In the ten presidential elections from 1796 to 1832, Tennessee went for the winner eight times. In 1796 (Tennessee’s first election for president), the state’s three electoral votes were cast for Thomas Jefferson, but John Adams was elected. Tennesseans supported Jefferson again in 1800, when he won, and again in 1804, when he was reelected.
James Madison and James Monroe received the state’s electoral votes for two terms each. In 1824 Andrew Jackson carried Tennessee and won the popular vote but failed to win a majority of electoral votes. In the House of Representatives, John Quincy Adams (a National Republican) was elected president. Andrew Jackson got his revenge in 1828 and was reelected in 1832, both times carrying Tennessee.
Jackson exerted little political influence on his state once his presidential career was over.

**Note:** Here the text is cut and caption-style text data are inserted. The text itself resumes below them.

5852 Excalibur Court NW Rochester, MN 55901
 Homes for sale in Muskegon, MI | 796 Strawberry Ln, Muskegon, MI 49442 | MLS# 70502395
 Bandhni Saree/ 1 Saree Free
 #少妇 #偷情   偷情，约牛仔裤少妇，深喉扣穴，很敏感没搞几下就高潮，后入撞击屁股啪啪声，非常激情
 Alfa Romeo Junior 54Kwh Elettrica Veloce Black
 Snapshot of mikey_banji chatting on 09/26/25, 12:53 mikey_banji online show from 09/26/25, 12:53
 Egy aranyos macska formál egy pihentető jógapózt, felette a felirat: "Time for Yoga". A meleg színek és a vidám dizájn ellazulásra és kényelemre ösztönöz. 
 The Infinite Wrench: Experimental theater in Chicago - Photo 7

From 1796 to 1832 Tennessee voted solidly for candidates who would be modern Democrats. Beginning in 1836, they started voting for Whigs (the predecessor of today’s Republican Party). Jackson could not carry Tennessee for his handpicked successor, Martin Van Buren. The state’s electoral votes in 1836 went to a native son, Senator Hugh Lawson White, a Whig.
In the nine national elections from 1836 to 1868, Tennessee voted in only eight of them since it did not participate in 1864 due to its membership in the Confederacy. Tennesseans voted for winners four times and losers four times. Whig candidates carried the state in 1840 (William Henry Harrison), 1844 (Henry Clay), 1848 (Zachary Taylor), and 1852 (Winfield Scott). The 1844 Tennessee election was notable since Clay defeated James K. Polk–a Tennessean who won the presidency even though losing his own state.
Only in 1856, the last election before the Civil War, did Tennessee return to the Democratic column, voting for James Buchanan of Pennsylvania. In 1860 the state rejected the major candidates–Abraham Lincoln (Republican), Stephen A. Douglas (Democrat) and John C. Breckinridge (Southern Democrat)–and supported instead another native son, John Bell (Constitutional Union), a former Whig who had been a Speaker of the U.S. House of Representatives and a U.S. senator.
Tennessee, in July 1866, became the first Confederate state to reenter the Union. With Reconstruction still at full tide, the state cast its electoral votes for Ulysses S. Grant in 1868. Tennessee would not support another Republican candidate for over a half-century. In the twelve presidential elections from 1872 to 1916, Tennessee supported the Democrat every time, backing the winner only four times (Grover Cleveland twice and Woodrow Wilson twice). The state’s electoral votes went to losers Horace Greeley (1872), Samuel J. Tilden (1876), Winfield Scott Hancock (1880), William Jennings Bryan (1896, 1900, and 1908), and Alton B. Parker (1904).
Following World War I, no clear voting pattern emerged. Warren G. Harding (Republican) carried the state in 1920, but in 1924 Tennessee rejected Calvin Coolidge and cast its votes for the Democratic candidate, John W. Davis. In 1928, however, the state returned to the Republican column and backed Herbert Hoover over Al Smith.
Tennessee swung toward the Democrats again four years later, and Franklin D. Roosevelt won the state in 1932, 1936, 1940, and 1944. In 1948 the state cast eleven electoral votes for Harry Truman and one vote for Strom Thurmond’s States’ Rights Party.
The year 1952 began a forty-year domination by Republicans in Tennessee presidential elections. Of the twelve elections in this period, Tennessee voted Republican eight times. Even more significantly, the state backed the winner in eleven of the twelve elections. Only in 1960, when Richard Nixon was favored over John F. Kennedy, did Tennesseans back a losing candidate. The only three Democrats who won the state during this time were Lyndon Johnson (1964), Jimmy Carter (1976), and Bill Clinton (1992 and 1996). Even in 1956, when Senator Estes Kefauver was the running mate of Adlai Stevenson, Tennessee stayed in the Republican column. Tennessee’s tilt toward Bill Clinton in 1996 marked the first time since 1944 that the state voted for a Democrat in consecutive elections. The election of 2000 ended that trend, however, as Republican George W. Bush carried Tennessee over native son Albert Gore Jr. As many commentators have since pointed out, if Gore had carried Tennessee in 2000, the state’s electoral votes would have given him the presidency in the closest presidential election since 1876.